··· Records provided ···

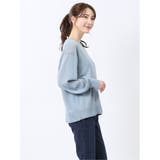 シアーニット&タンクトップ アンサンブル | TAKA-Q WOMEN | 詳細画像17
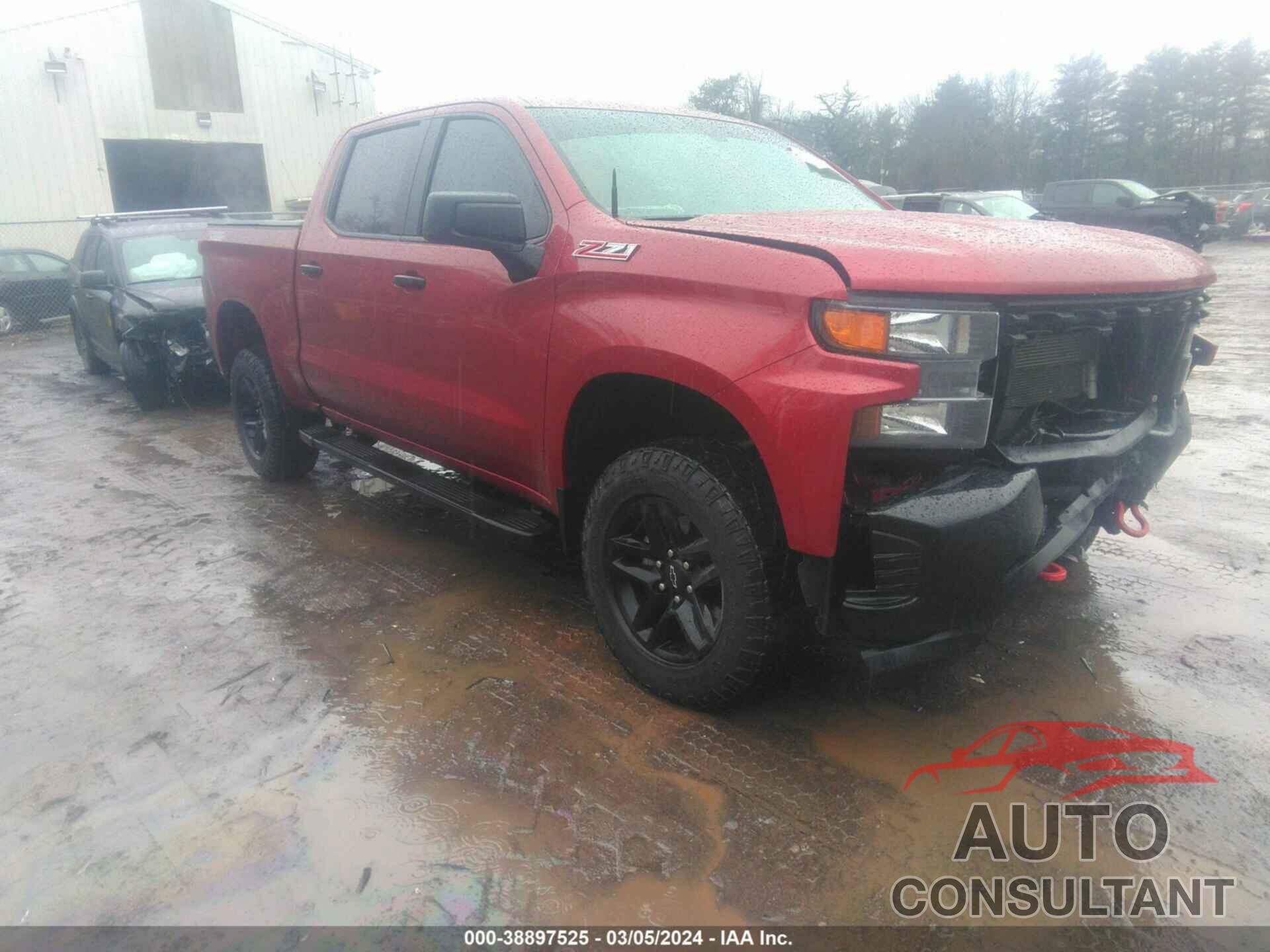CHEVROLET SILVERADO 1500 2019 - 3GCPYCEF9KG236943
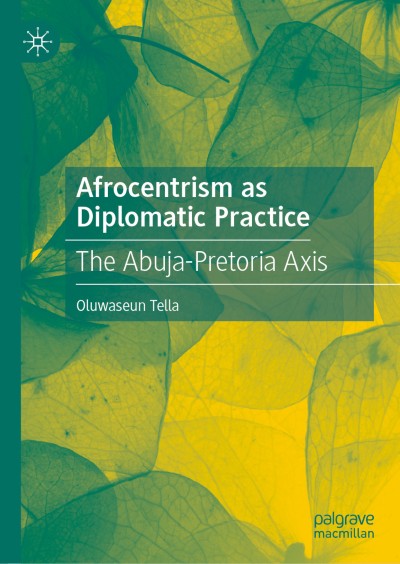 Cover für Buch Afrocentrism as Diplomatic Practice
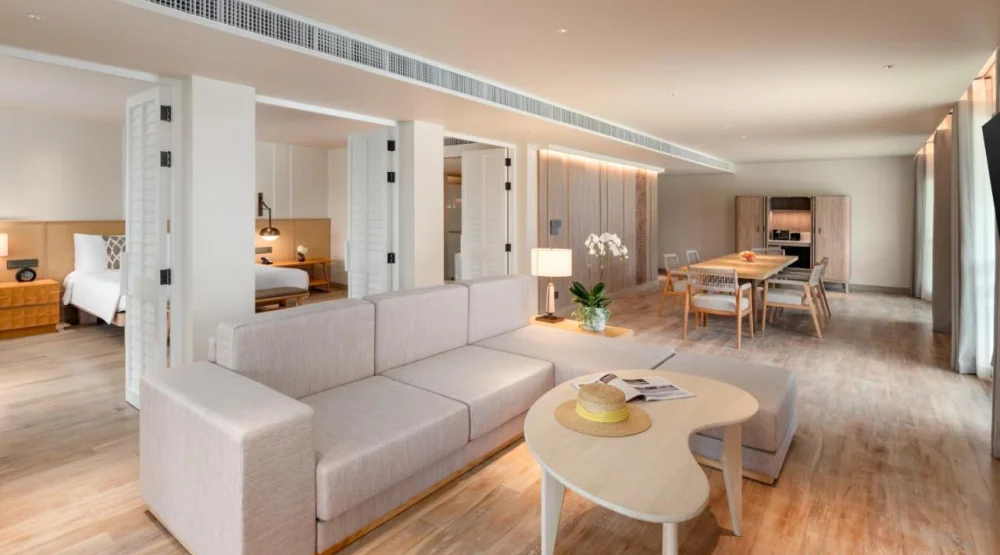 Ocean View One Bedroom Suite One King Bed at SAii Laguna Phuket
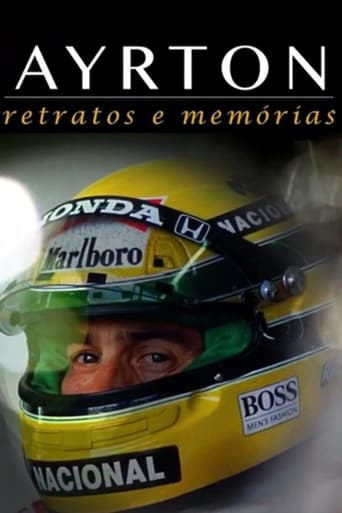 Poster of Ayrton: Retratos e Memórias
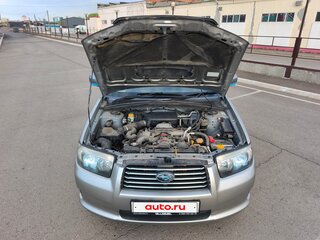 2005 Subaru Forester II Рестайлинг, серый, 970000 рублей, вид 3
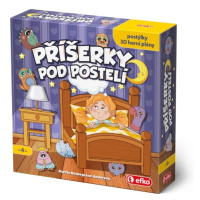 Příšerky pod postelí - dětská postřehová hra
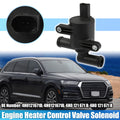 Engine Heater Control Valve Solenoid Replacement for Audi Q7 (2011–2016)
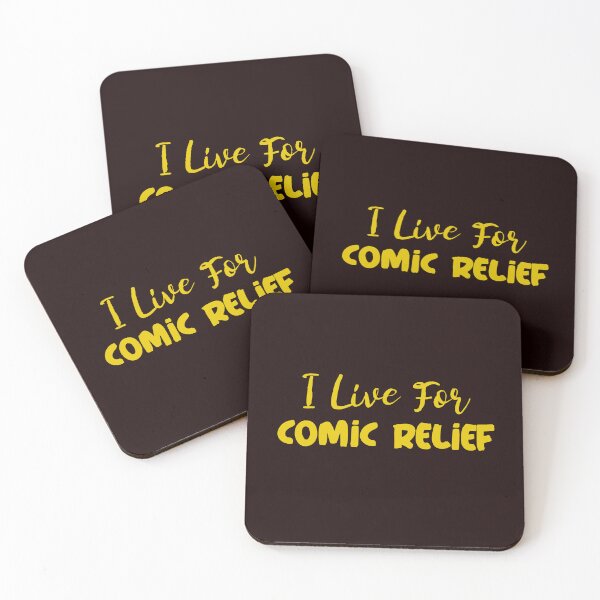 Item preview, I Live For Comic Relief designed and sold by Beverly Kempf.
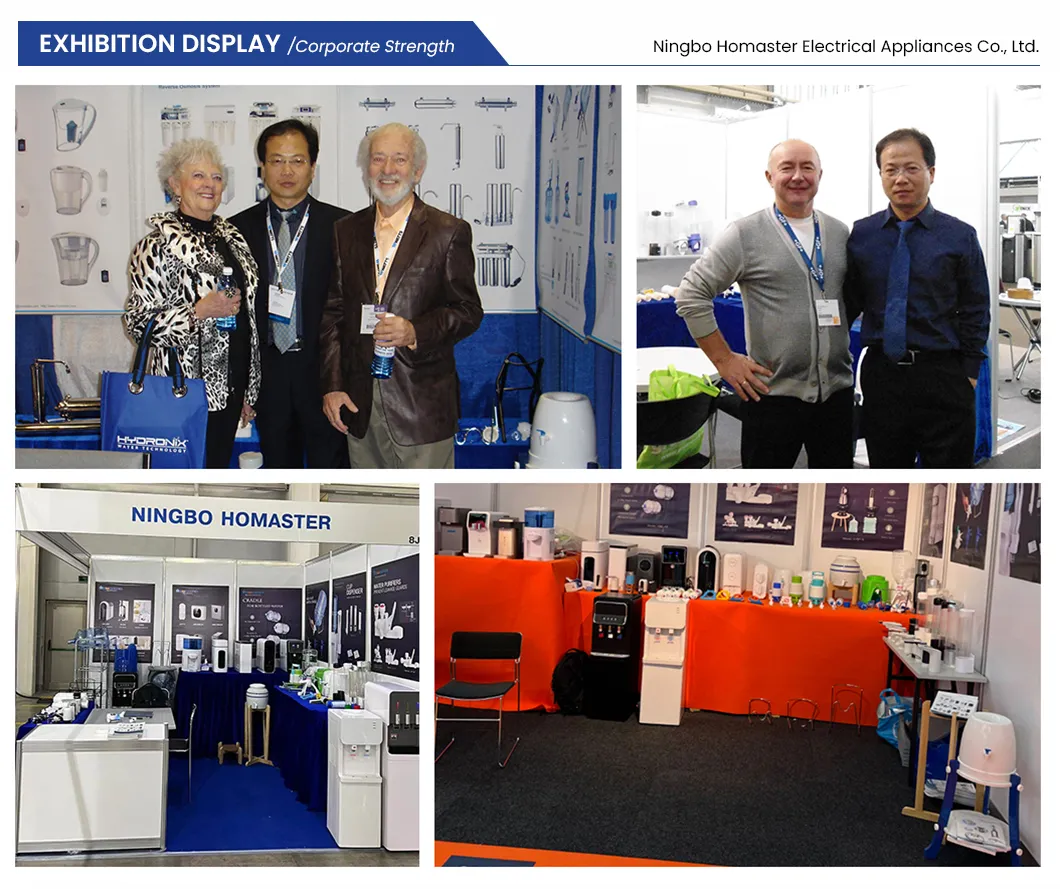 4 Stages Desktop RO or UF Home Straight Drinking Hot and Compressor Cold Pipeline Water Dispenser Purifier with Filtration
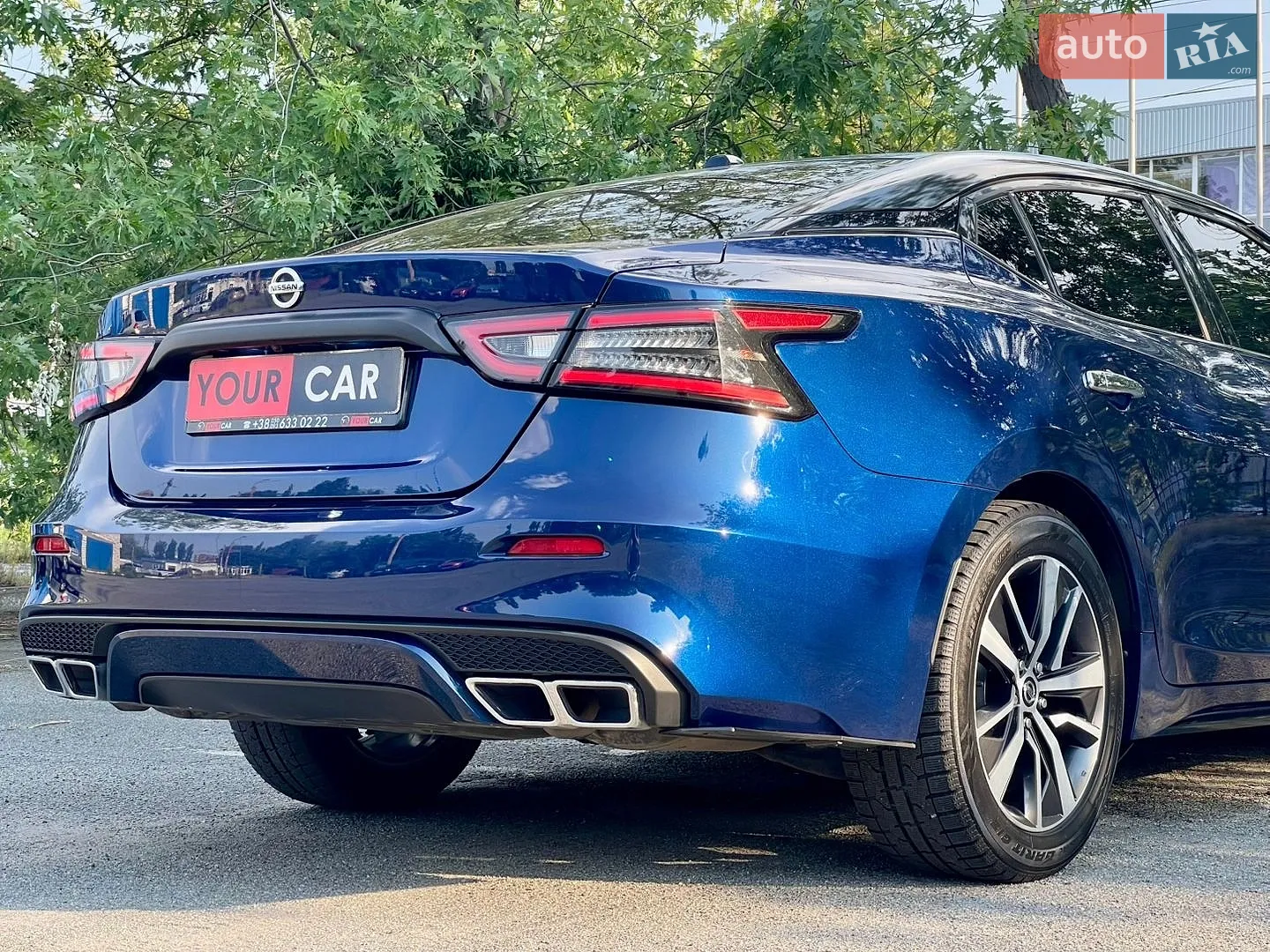 2018 Nissan Maxima - мініатюра 15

···

Word for word, write out each line of the records, but leave the pictures behind.

 シアーニット&タンクトップ アンサンブル | TAKA-Q WOMEN | 詳細画像17
CHEVROLET SILVERADO 1500 2019 - 3GCPYCEF9KG236943
 Cover für Buch Afrocentrism as Diplomatic Practice
 Ocean View One Bedroom Suite One King Bed at SAii Laguna Phuket
 Poster of Ayrton: Retratos e Memórias
 2005 Subaru Forester II Рестайлинг, серый, 970000 рублей, вид 3
 Příšerky pod postelí - dětská postřehová hra
 Engine Heater Control Valve Solenoid Replacement for Audi Q7 (2011–2016)
 Item preview, I Live For Comic Relief designed and sold by Beverly Kempf.
 4 Stages Desktop RO or UF Home Straight Drinking Hot and Compressor Cold Pipeline Water Dispenser Purifier with Filtration
 2018 Nissan Maxima - мініатюра 15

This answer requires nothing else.